Exercise directions — When a line in the records contains the string "image", copy that line.

Crawled caption data
<<<<
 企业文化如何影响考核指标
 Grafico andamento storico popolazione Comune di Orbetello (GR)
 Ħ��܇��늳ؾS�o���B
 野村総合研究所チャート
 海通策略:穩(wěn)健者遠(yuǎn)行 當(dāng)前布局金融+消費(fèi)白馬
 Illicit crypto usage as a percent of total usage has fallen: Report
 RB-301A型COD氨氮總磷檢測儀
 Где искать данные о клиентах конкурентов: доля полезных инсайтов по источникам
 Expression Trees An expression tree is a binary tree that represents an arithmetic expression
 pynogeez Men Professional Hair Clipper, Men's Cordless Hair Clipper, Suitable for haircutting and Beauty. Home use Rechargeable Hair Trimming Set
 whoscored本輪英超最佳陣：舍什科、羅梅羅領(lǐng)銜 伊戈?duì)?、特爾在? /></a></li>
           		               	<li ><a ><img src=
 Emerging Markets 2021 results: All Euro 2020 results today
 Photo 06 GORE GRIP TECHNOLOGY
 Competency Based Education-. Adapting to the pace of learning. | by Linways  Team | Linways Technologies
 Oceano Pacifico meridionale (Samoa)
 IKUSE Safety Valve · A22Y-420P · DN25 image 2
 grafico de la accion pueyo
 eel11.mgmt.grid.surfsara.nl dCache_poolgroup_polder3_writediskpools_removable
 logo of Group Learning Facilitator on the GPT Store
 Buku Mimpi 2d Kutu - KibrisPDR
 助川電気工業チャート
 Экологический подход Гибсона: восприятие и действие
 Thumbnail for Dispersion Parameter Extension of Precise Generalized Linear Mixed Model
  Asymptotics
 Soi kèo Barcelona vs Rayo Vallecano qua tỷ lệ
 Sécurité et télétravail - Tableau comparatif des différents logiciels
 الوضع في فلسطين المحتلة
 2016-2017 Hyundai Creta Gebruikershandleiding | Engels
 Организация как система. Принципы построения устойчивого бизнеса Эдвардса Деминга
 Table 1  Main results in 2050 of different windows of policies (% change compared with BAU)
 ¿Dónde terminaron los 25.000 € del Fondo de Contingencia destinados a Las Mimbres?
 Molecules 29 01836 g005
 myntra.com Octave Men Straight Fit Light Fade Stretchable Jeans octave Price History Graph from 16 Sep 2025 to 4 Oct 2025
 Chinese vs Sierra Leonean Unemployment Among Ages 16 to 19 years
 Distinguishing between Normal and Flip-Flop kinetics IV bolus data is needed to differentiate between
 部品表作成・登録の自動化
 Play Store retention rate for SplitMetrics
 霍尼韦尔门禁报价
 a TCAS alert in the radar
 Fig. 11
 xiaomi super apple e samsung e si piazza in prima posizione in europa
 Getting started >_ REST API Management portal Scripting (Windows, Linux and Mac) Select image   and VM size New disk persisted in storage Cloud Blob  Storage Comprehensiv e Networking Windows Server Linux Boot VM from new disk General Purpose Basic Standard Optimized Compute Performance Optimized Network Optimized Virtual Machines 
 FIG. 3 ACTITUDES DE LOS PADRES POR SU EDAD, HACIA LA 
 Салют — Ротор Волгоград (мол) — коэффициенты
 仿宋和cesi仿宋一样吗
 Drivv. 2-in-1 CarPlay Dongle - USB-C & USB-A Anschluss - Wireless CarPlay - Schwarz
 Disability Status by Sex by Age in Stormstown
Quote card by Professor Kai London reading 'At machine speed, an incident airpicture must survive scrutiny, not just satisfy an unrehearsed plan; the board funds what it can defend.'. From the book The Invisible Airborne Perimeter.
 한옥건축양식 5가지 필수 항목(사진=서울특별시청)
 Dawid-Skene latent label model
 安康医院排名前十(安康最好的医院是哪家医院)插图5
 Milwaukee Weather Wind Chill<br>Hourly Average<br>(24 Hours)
>>>>
Response below —
 IKUSE Safety Valve · A22Y-420P · DN25 image 2
 Getting started >_ REST API Management portal Scripting (Windows, Linux and Mac) Select image   and VM size New disk persisted in storage Cloud Blob  Storage Comprehensiv e Networking Windows Server Linux Boot VM from new disk General Purpose Basic Standard Optimized Compute Performance Optimized Network Optimized Virtual Machines 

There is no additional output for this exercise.